In the world of commercial publishing there’s only one thing guaranteed to turn even fewer bucks than a collection of short stories, and that’s a collection of poems.
The novel is the most popular and therefore the most lucrative medium for the written word. People like a good story, a substantial story, something they can lose themselves in for days, something they can take on holiday with them. When I’m picking a novel myself I go for the writers I’ve enjoyed and engaged with in the past, but I also feel the thickness of the book. There’s no sense paying £6.99 for a thin volume that’s only going to last you an evening, when for the same money you can get a thick wedge of a book that’ll keep you going for a week. But it’s hard producing novels. And when they’re finally written, they leave the muse gasping for breath.
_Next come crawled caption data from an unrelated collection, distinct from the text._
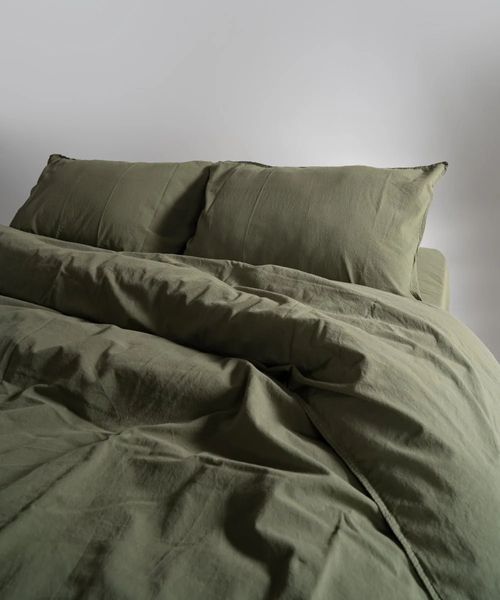 Постільна білизна Limasso Stonewashed Варена бавовна Standart 160х220 Capulet Olive полуторне 31596 фото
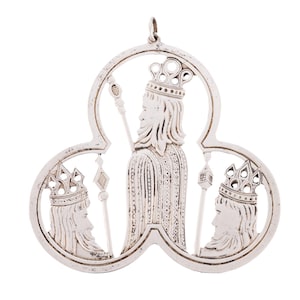 Lunt 1973 Sterling Silver Christmas Ornament Christmas Medallion Gift 3 King 925 Christian Religious Pendant Charm Holiday Decoration Decor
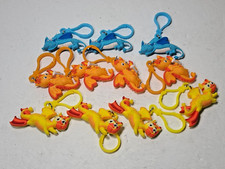 Lot of 11 --- Dragon Keychains American Heart Assoc Kids Heart Challenge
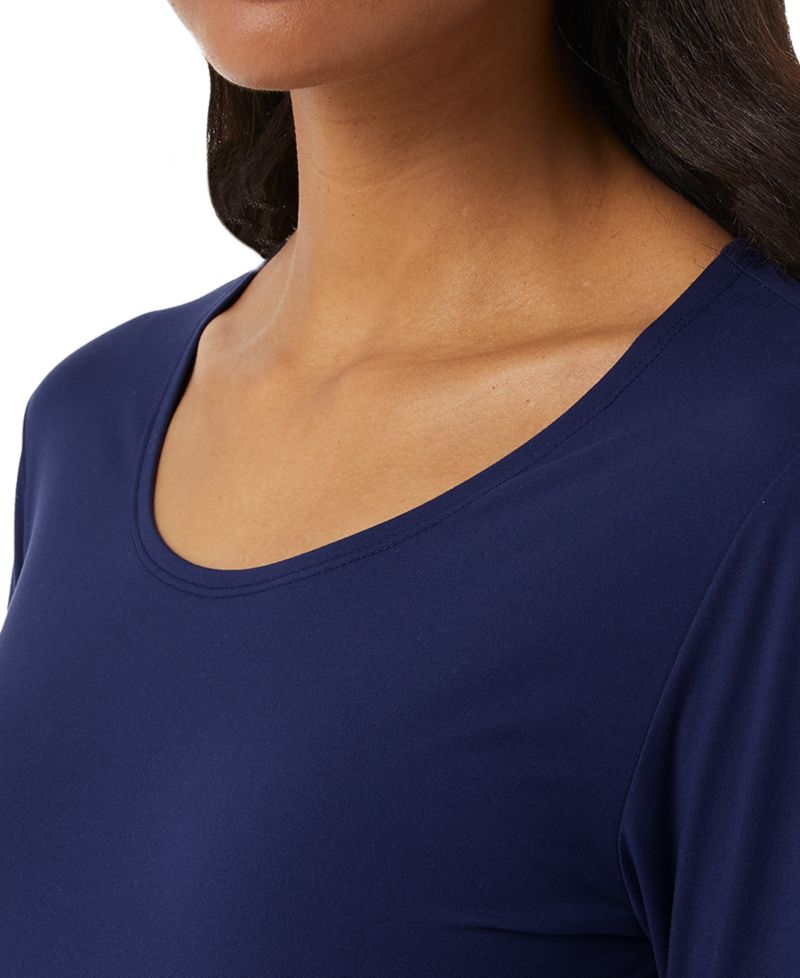 Women's Long-Sleeve Scoop-Neck Top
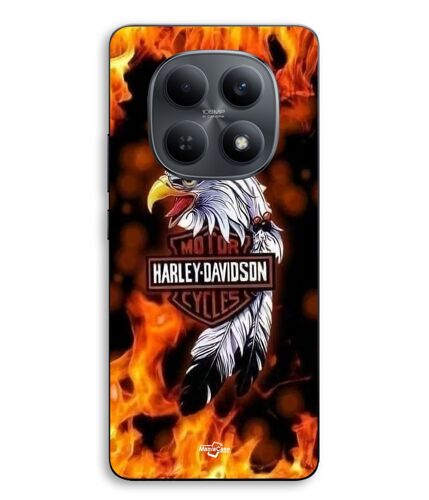 Coque Pour Xiaomi Redmi Note 15 5g Harley Davidson aigle feu Maniacase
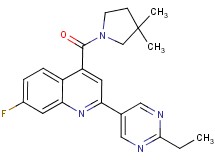 4-[(3,3-dimethylpyrrolidin-1-yl)carbonyl]-2-(2-ethylpyrimidin-5-yl)-7-fluoroquinoline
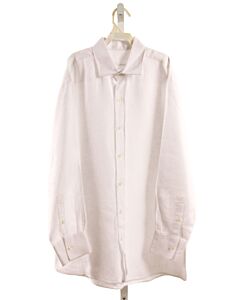 PETER ELLIOT BLUE WHITE LINEN DRESS SHIRT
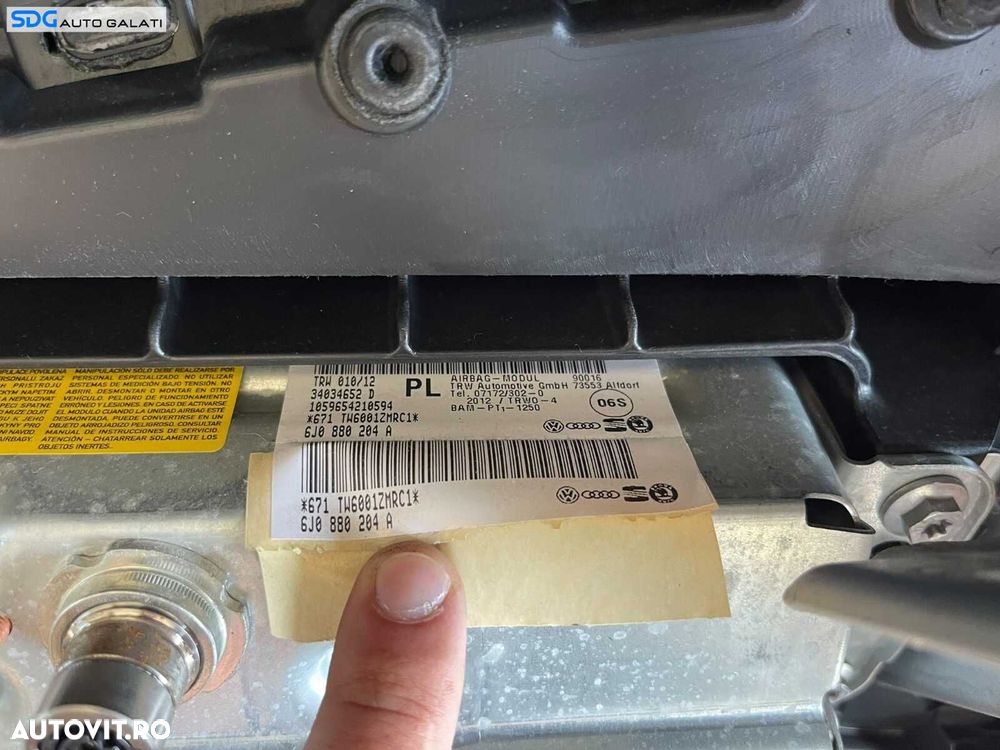 Plansa Bord cu Airbag Pasager Seat Ibiza 5 6J 2008 - 2012 Cod 6J1857003G 6J1857067 6J0880204A [LC1918] - 14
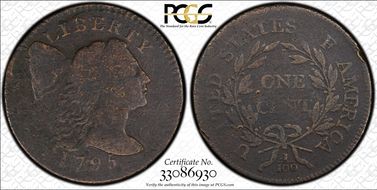 1795 1C S-77, Plain Edge N1BN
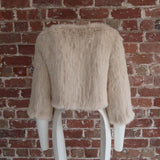 Laci Rabbit Fur Jacket 3/4 in Shell - Mode & Affaire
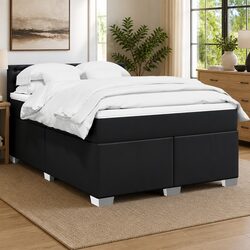 Elevate Your Bedroom with a Queen Faux Leather Box Spring Bed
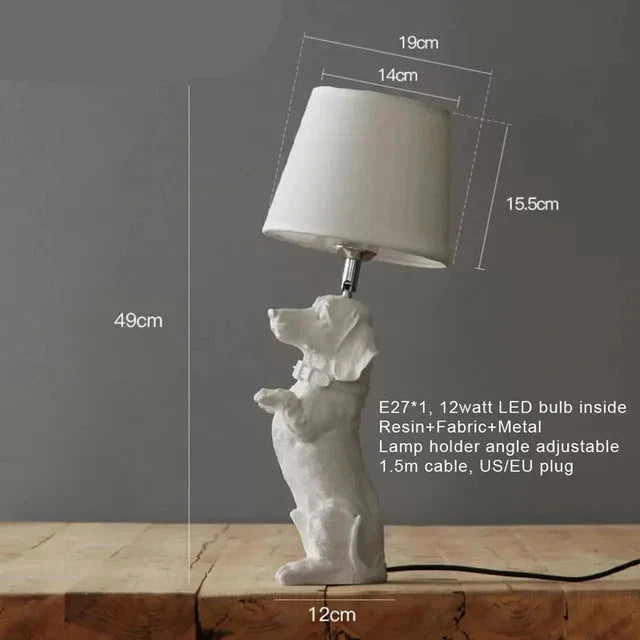 PawGlow | Elegant Bordlampe med Hundemotiv!
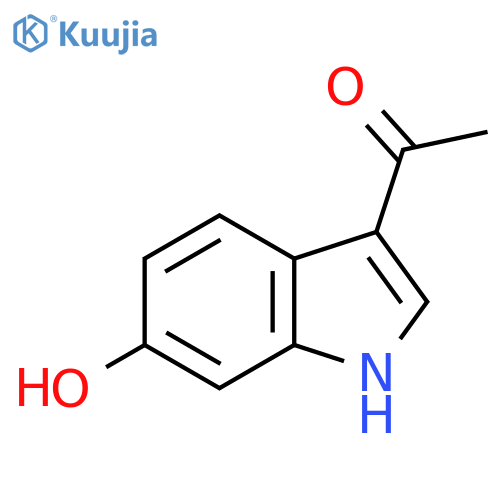 1-(6-hydroxy-1H-indol-3-yl)ethan-1-one structure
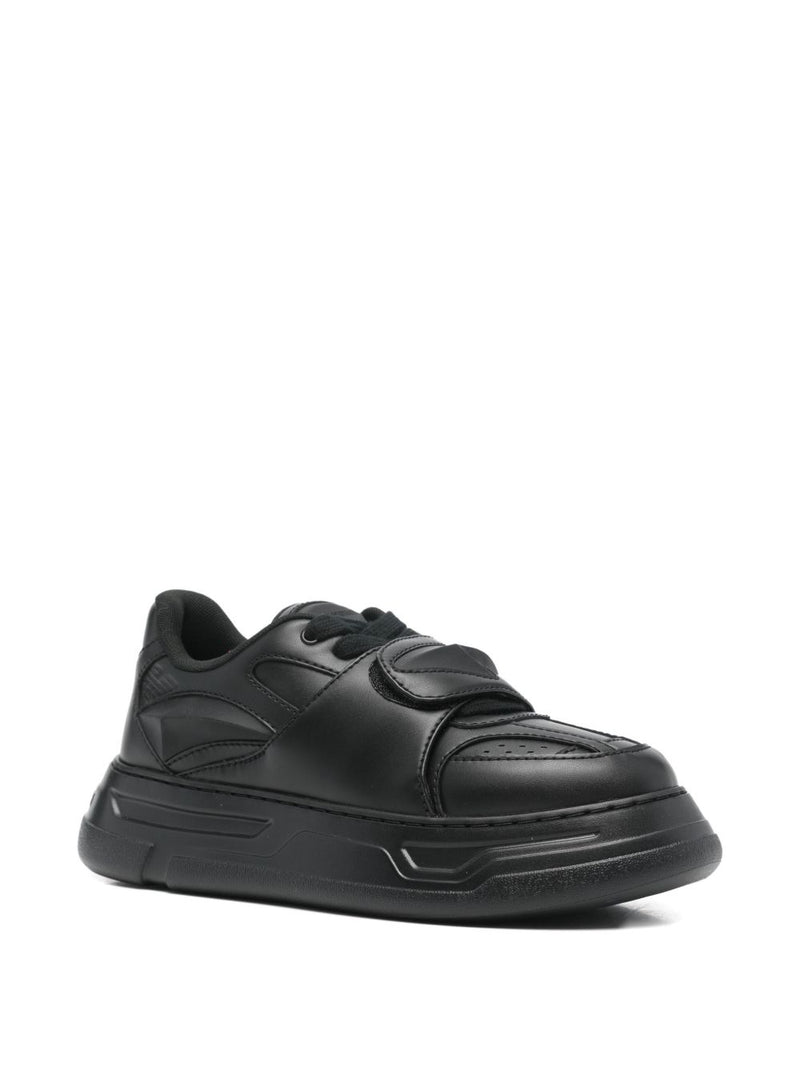 Emporio Armani Strap Sneakers | Urbalenti™ NYC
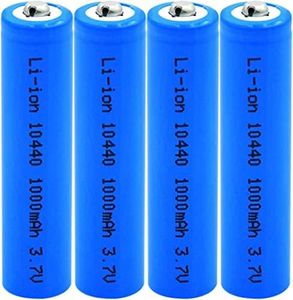 Licopow - Batería recargable de litio 10440 (3,7 V, 1000 mAh)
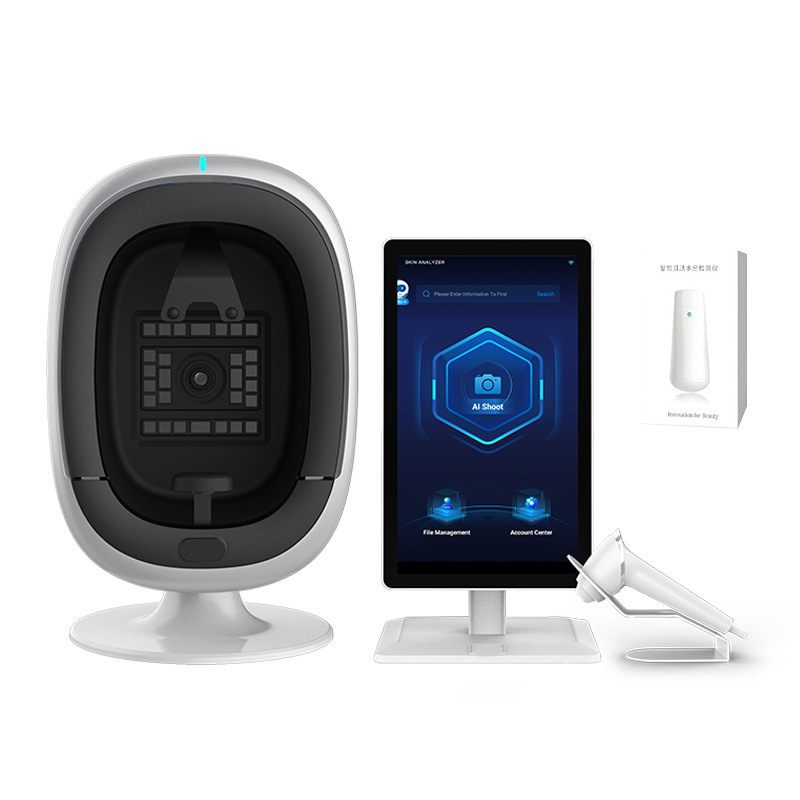 Inventario al por mayor AISIA O1pro detector inteligente de piel facial cuero cabelludo todo en uno instrumento de belleza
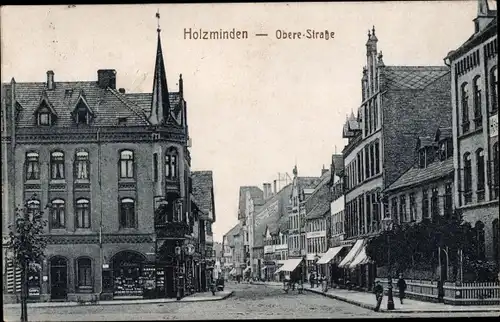 Ak Holzminden im Weserbergland, Obere Straße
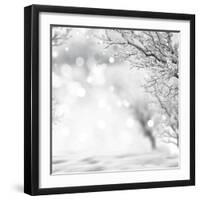 Winter Background-lilkar-Framed Photographic Print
Write too many of them and the block sets in. Suddenly your favourite author’s gone quiet for a bit and then out pops a collection of short stories – after that the poetical sketches, and you know things have gone sour.
I’m being a little cynical here. You can make a bit of money with poetry – publishing it, criticising it, teaching people how to do it, even reading it aloud at public gatherings, but the one thing you cannot do is make any money by the soul baring, gut wrenching business of actually writing it.
These are my more recent poems, self published and hosted from my public Dropbox folder – a poetical sketchbook, a view on the world through my window. Click on the cover to get the book – epub version only.
The need to write is a mystery.
The need to write poetry the biggest mystery of them all.